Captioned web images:
....

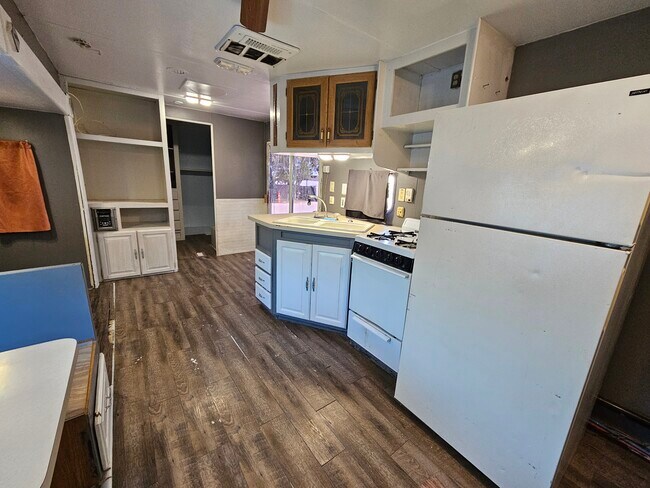 6618 #14 Cocina - 6618 Topper Run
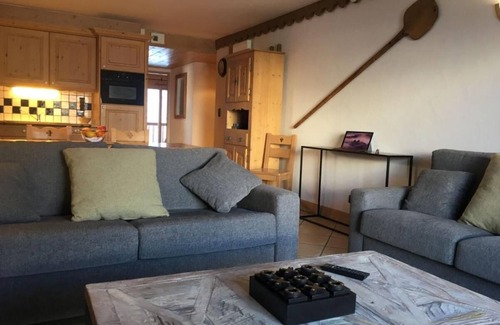 Les Belleville Apartment | 50m from ski slopes, 2nd floor, view ski slopes, fitness, swimming pool, sauna, hammam, balcony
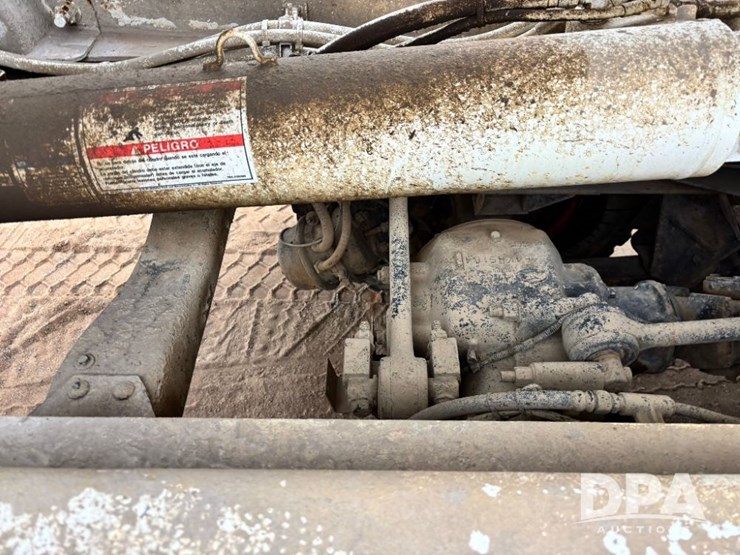 mack-granite-gu713-image-76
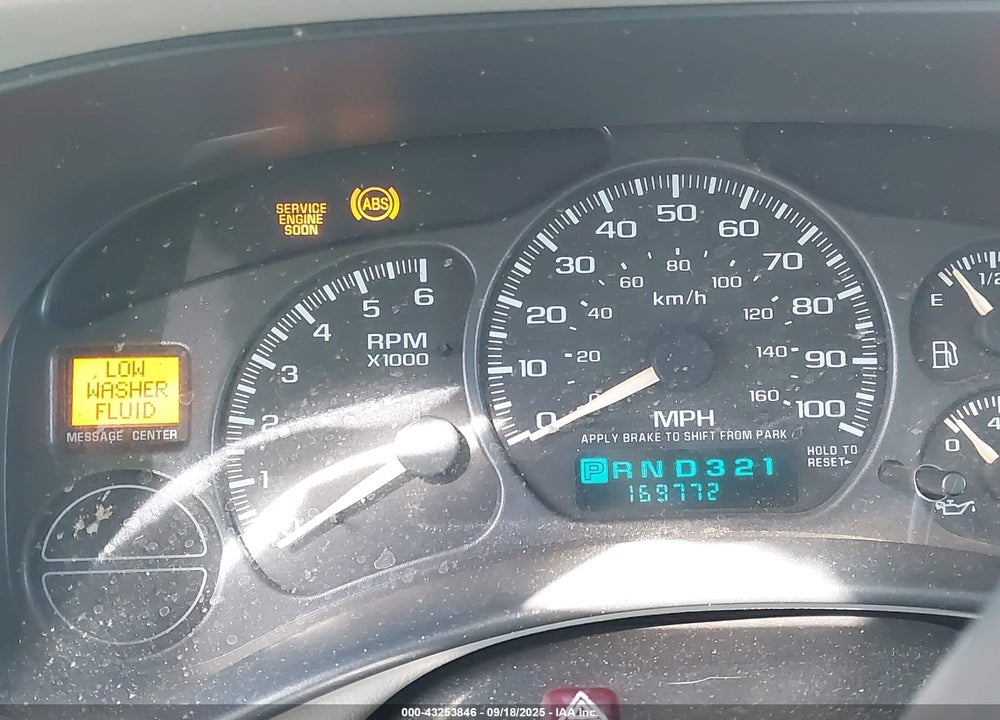 2002 CHEVROLET TAHOE LS VIN: 1GNEC13T82R295668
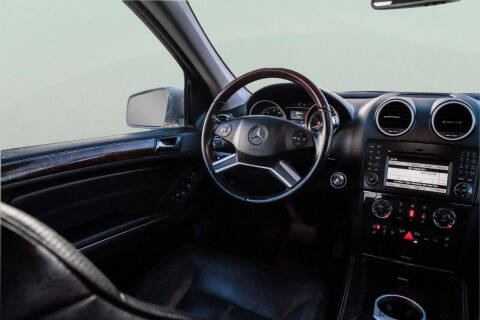 2011 Mercedes-Benz GL-Class GL 550 4MATIC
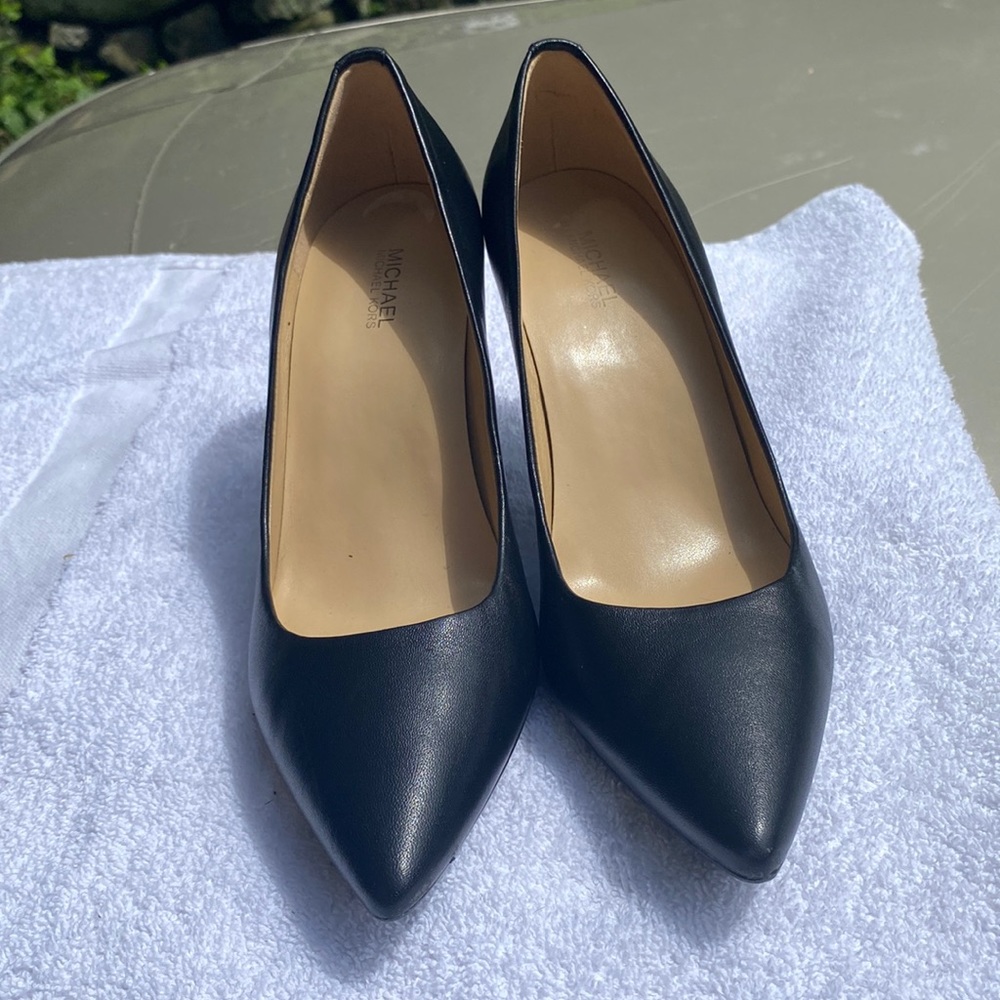 Professional Michael lord black heels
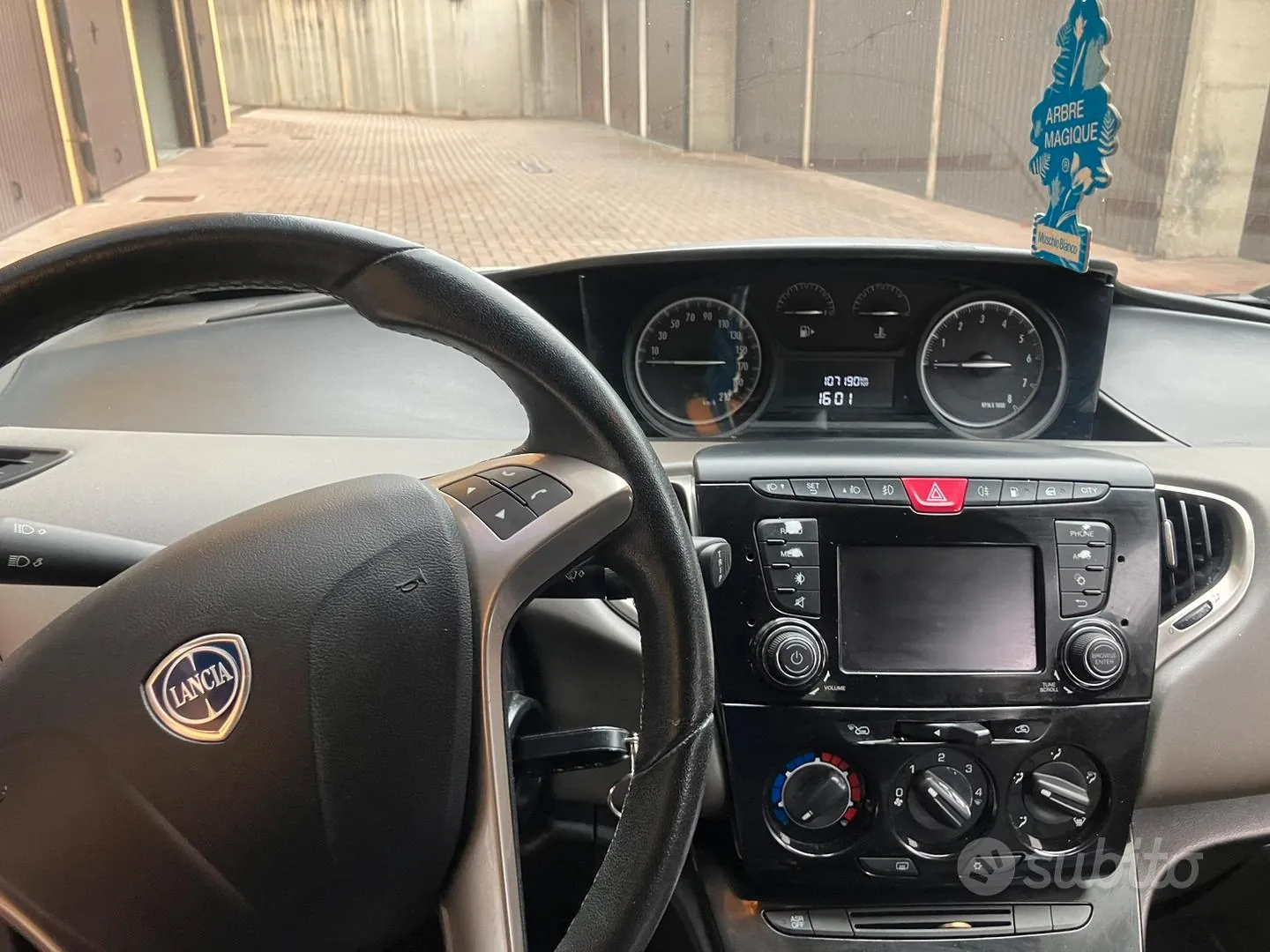Lancia Ypsilon 2017 photo 4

....

* [Task goal] Nothing but the lines from the one holding "mack-granite-gu713-image-76" to the end of the entries above should be echoed, exactly and with both ends included; omit the pictures.

* [Solution for this exercise]
 mack-granite-gu713-image-76
 2002 CHEVROLET TAHOE LS VIN: 1GNEC13T82R295668
 2011 Mercedes-Benz GL-Class GL 550 4MATIC
 Professional Michael lord black heels
Lancia Ypsilon 2017 photo 4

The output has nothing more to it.